Von Veröffentlicht am Donnerstag, 21. Januar 2021

Der Webstuhl

Einer meiner beiden Großväter war Handweber. In Christusgrün. Sein Webstuhl stand in der Küche. Dort tummelten sich auch fünf Buben und ein Mädchen.

Das Wejiberheisla

Am Wejiberheisla war auch der Stall angebaut. Ein Schwein und eine oder zwei Ziegen lebten dort. Auch Stallhasen gab es. Und Hühner. Wenn es dämmerte stiegen die von selbst die Hühnerleiter am Haus hoch und schlüpften durch ein Loch in den Stall. Auf einer Stange sitzend verbrachten sie dort die Nacht. Beim Sonnenaufgang waren sie schon wieder draußen.
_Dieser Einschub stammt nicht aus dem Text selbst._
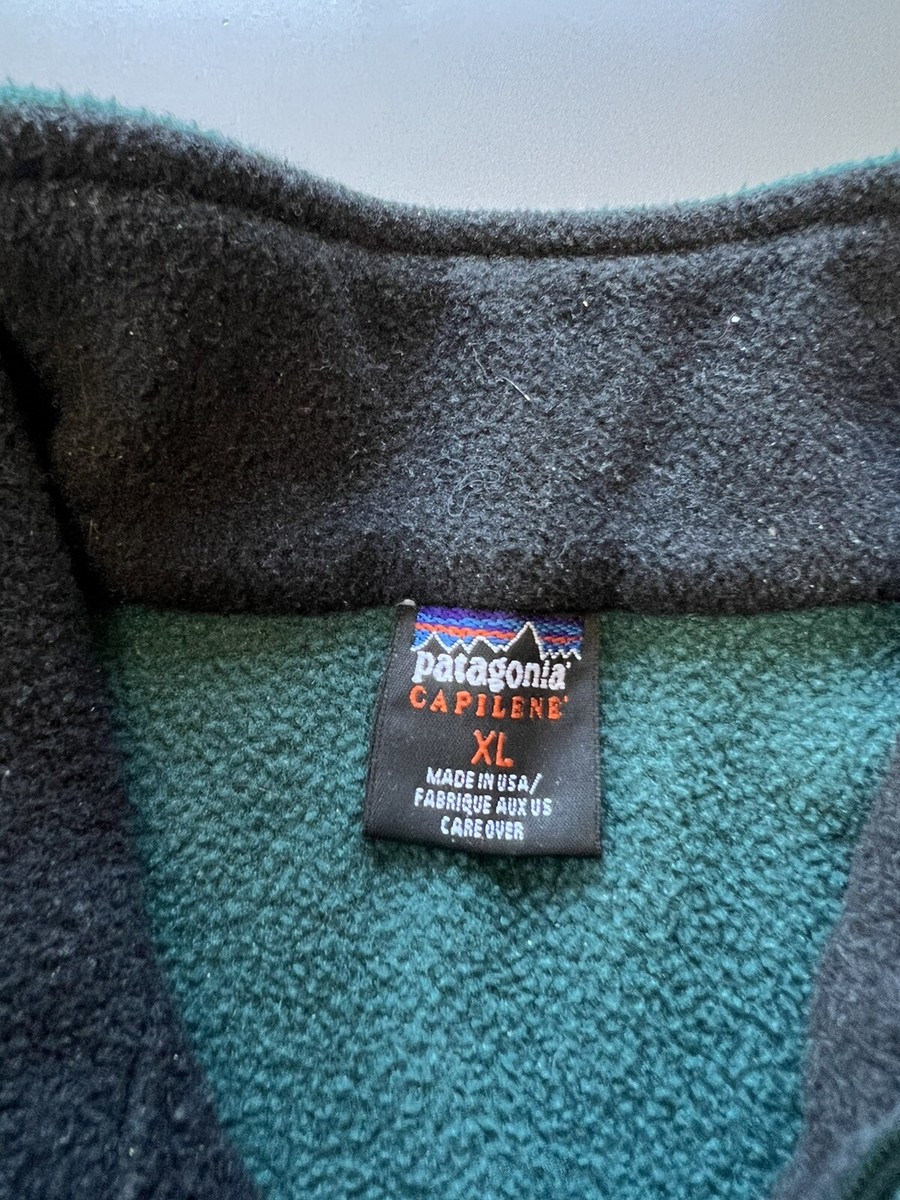 Vintage 90s Patagonia Capilene Green Fleece Half Zip Vintage 90s Patagonia Capilene Green Fleece Half Zip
Eine Katze gab es auch. „Deji sitzt den ganzen Touch beim Vadder, so die Großmutter.

Die Vettern und Basen

Das Mädchen war unsere Mutter. Während der Kriegsjahre besuchte sie sonntags oft ihre Eltern. Großvater war in Rente. Den Webstuhl gab es nicht mehr. Die Söhne waren verheiratet und weggezogen. Einer aber blieb im Haus. Mit Frau und fünf Kindern. Schon deswegen gingen wir gerne mit der Mutter mit, konnten wir doch mit den Vettern und Basen spielen.

Das Tropfheisla

Im Frankenwald gab es viele Handweber. Selbstversorger die meisten. Am Haus eine kleine Wiese, ein Gärtchen für Gemüse und Beeren, ein oder zwei Obstbäume. Großvater hatte sogar einen kleinen Acker. Da hat er Ärpfel (Kartoffeln) angebaut. Freilich, die meisten Handweber wohnten und webten in einem Tropfheisla. Tropfheisla? Ja so nannte man die Häuser, wo nur der schmale Bereich zwischen Hauswand und Dachkante gärtnerisch genutzt werden konnte oder durfte.

Der Wejibersteig

Die fertig gewebten Stoffballen trugen die Handweber nach Hof. Zu Fuß. Auf dem Wejibersteig. Mutter erinnerte sich, dass ihr Vater an eisigen Wintertagen den fast 20 Kilometer langen Weg schon mal mit Zudelsocken gegangen sei. Der Webersteig ist heute ein Wanderweg.

Schweres Handwerk

Die Stoffe wurden im Sammellager ausgerollt und vom Verleger geprüft. Der übersah keinen Webfehler. Jeder Fehler aber bedeutete weniger Geld. Mutter erzählte, dass ihr Vater einmal nur mit einem Salzhering heimgekommen sei. „Obber mir hamm fest an Gott geglabbt. Und dass der alles recht macht“.

Gottvertrauen

Die Großeltern waren fromme Leute und ihre sechs Kinder waren es auch. Ich erinnere mich: Wenn die Großfamilie sich an Festtagen im Elternhaus traf, wurde viel gesungen. Volkslieder, christliche Lieder, Mutter erzählte, dass die Bibel das Lesebuch in der Schule gewesen sei. Und vell Lejider hammer auswendig glernt“. Zur Schule mussten sie nach Bobengrün. Auf einem Fußweg über einen Hügel und durch den Wald. Auch samstags. Und am Sonntag zum Gottesdienst noch weiter nach Steben. „Meina Brejider sen alla wos worn!“ Mutter war das wichtig. Sie selbst war stolz auf ihre Stellung in einer Bad Stebener Pension. „Dou hou ich vell glernt“.

Der Abschied

Großvater starb mit 82. An einem heißen Julitag im Jahr 1945 haben wir ihn auf seinem letzten Weg von Gressgreji aufStejim zum Friedhof begleitet. Zu Fuß. Zwei Pferde zogen den Leichenwagen.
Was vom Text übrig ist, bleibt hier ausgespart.